Still: is it terrorism? Yes. Do both sides use it? Yes. Is this, in many cases, the future of warfare? Probably yes.

The only question I’d raise is a chicken and an egg thing. Who attacked whom first? And if Hezbollah is your proxy to say that Iran did, then what was the 2006 invasion of Lebanon about?

Speaking of chickens and eggs, though, there’s something left out of this formulation. The US.

As I noted back in December, the reporting of David Sanger (whose beat seems to be precisely the intersection of US and Israeli covert ops) seems to suggest that our drones have been surveilling now-dead Iranian scientists.

So David Sanger, the (American and Israeli) intelligence community’s chief mouthpiece to boast about their latest victories against Iran, by-lined this story from Boston (rather than his home base of DC) to tell us the Sentinel drone was surveilling Iran’s suspected nuclear sites, using its isotope-sniffing powers.

In addition to video cameras, independent experts say the drone almost certainly carries communications intercept equipment and sensors that can detect tiny amounts of radioactive isotopes and other chemicals that can give away nuclear research.

But the real advantage of the Sentinel drone, Sanger and Shane tell us, is the ability to see who’s onsite when.

While an orbiting surveillance satellite can observe a location for only a few minutes at a time, a drone can loiter for hours, sending a video feed as people move about the site. Such a “pattern of life,” as it is called, can give crucial clues to the nature of the work being done, the equipment used and the size of the work force.

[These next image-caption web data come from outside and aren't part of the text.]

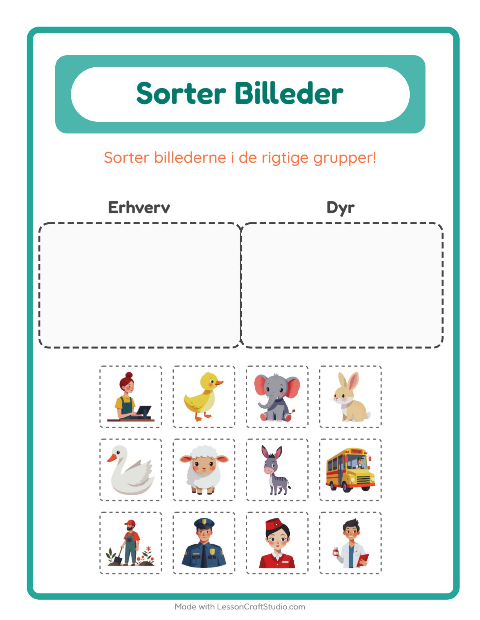 Sortér billederne: Erhverv og Dyr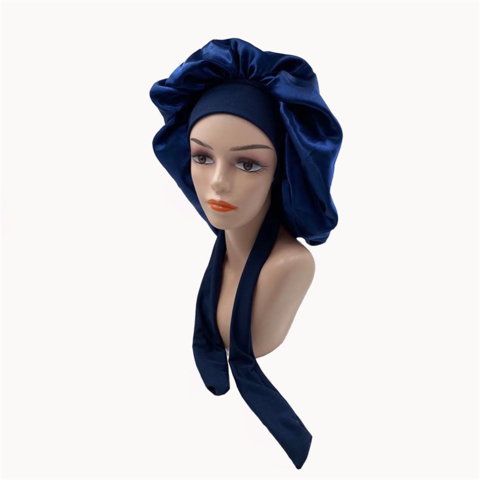 1pc Women's Large Size Wide Brim Hair Bonnet With Faux Silk Bowknot &  Elastic Band For Sleeping, Hair Styling, Beauty Care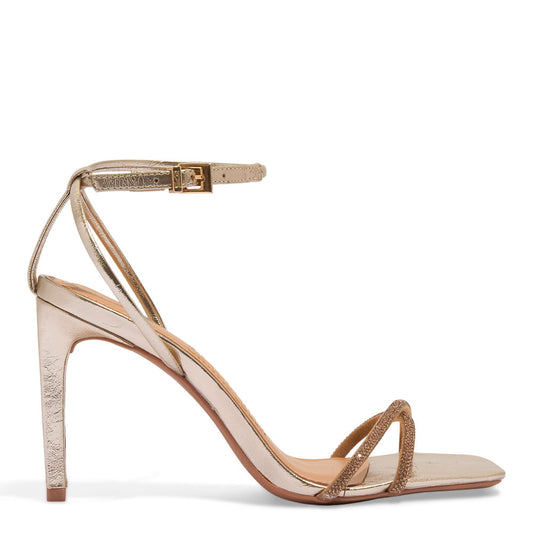 Sandália Santa Lolla Dourada Metalizada Salto Alto Fino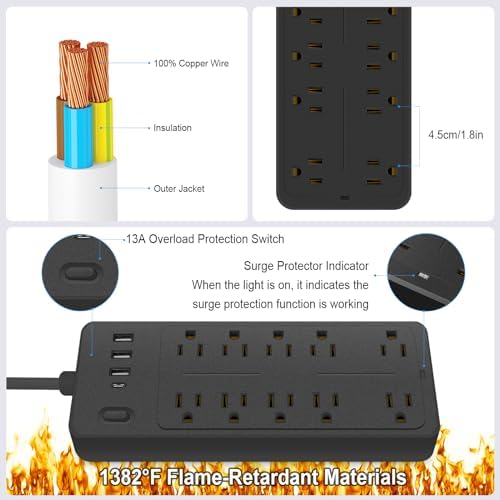 Asamoom 15 FT 14-in-1 Power Strips with Surge Protection 1700J,10 Outlets with 4 USB Ports (1 USB C) Long Extension Cord with Multiple Outlets 16Awg 1625W/13A Flat Plug Power Strip Protector Black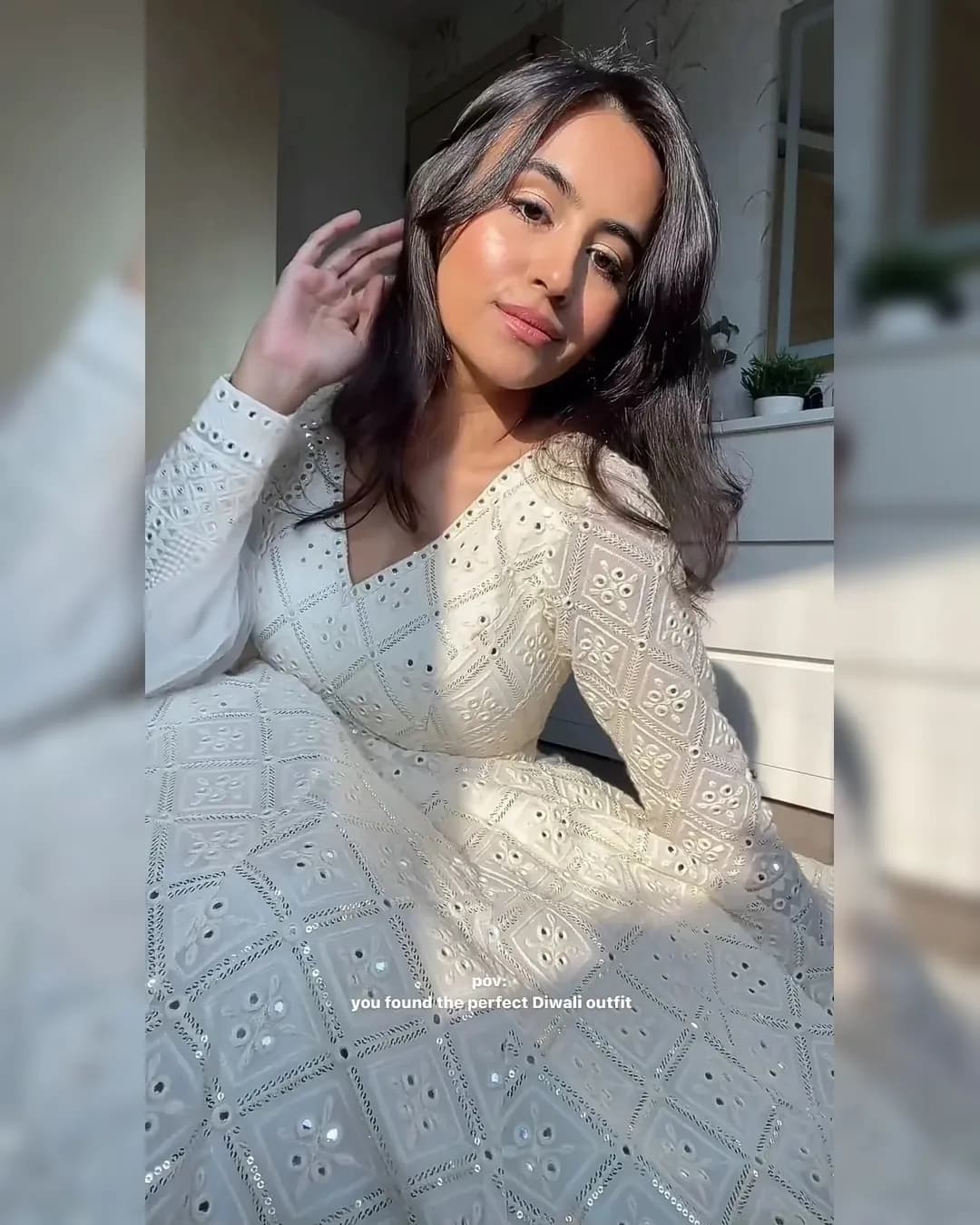 Lakhnavi Stitch Embroidered Faux Georgette Top with Matching Dupatta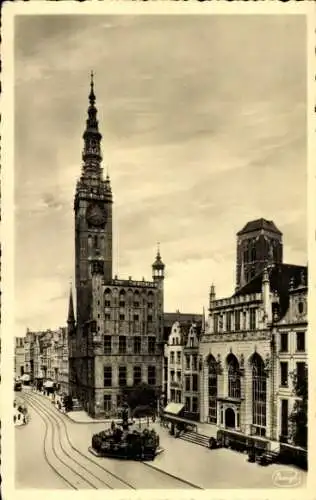 Ak Gdańsk Danzig, Rathaus und Artushof, Straßenansicht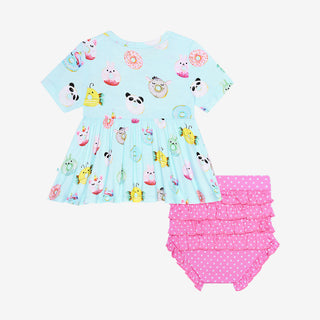 Posh Peanut Donuts S/S Basic Peplum Top & Bloomer Set, Posh Peanut, cf-size-12-18-months, cf-size-18-24-months, cf-size-2t, cf-size-3-6-months, cf-size-6-12-months, cf-type-2pc-set, cf-vendor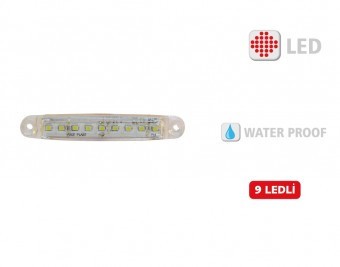 Lampa gabarit 9 led Alb 12V-24V Slim foto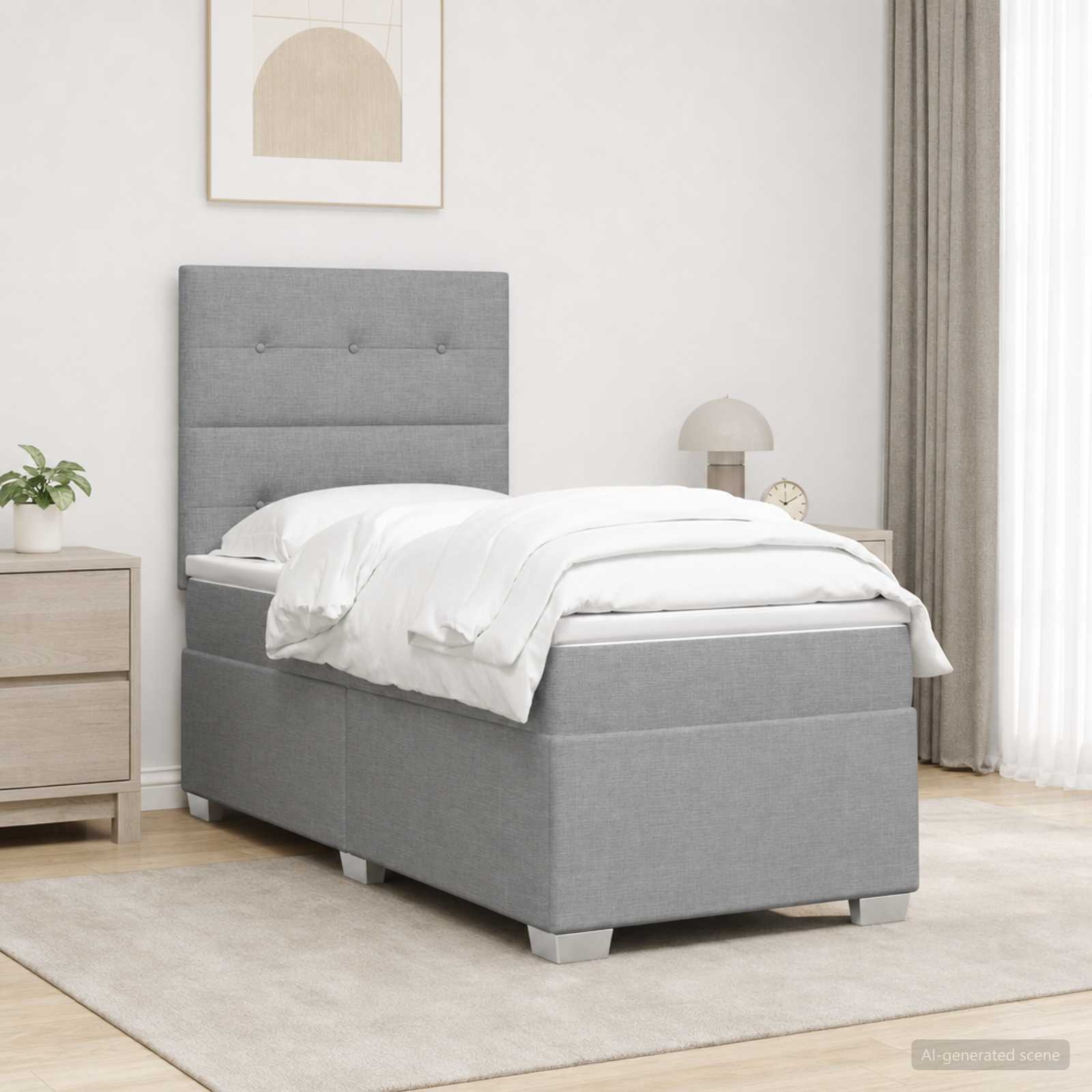 Κρεβάτι box spring με στρώμα Ανοιχτό γκρι 100 x 200 cm Ύφασμα - Pakobazaar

Actually, we knew that. Here’s the kind of information the Sentinel presumably gave us about Osama bin Laden’s compound.

Agents, determining that Kuwaiti was living there, used aerial surveillance to keep watch on the compound, which consisted of a three-story main house, a guesthouse, and a few outbuildings. They observed that residents of the compound burned their trash, instead of putting it out for collection, and concluded that the compound lacked a phone or an Internet connection. Kuwaiti and his brother came and went, but another man, living on the third floor, never left. When this third individual did venture outside, he stayed behind the compound’s walls. Some analysts speculated that the third man was bin Laden, and the agency dubbed him the Pacer.

In our assassination of Osama bin Laden, it seems, we used the Sentinel to learn the daily routine of everyone in the compound. Just the kind of information we’ve used to assassinate key Iranian scientists.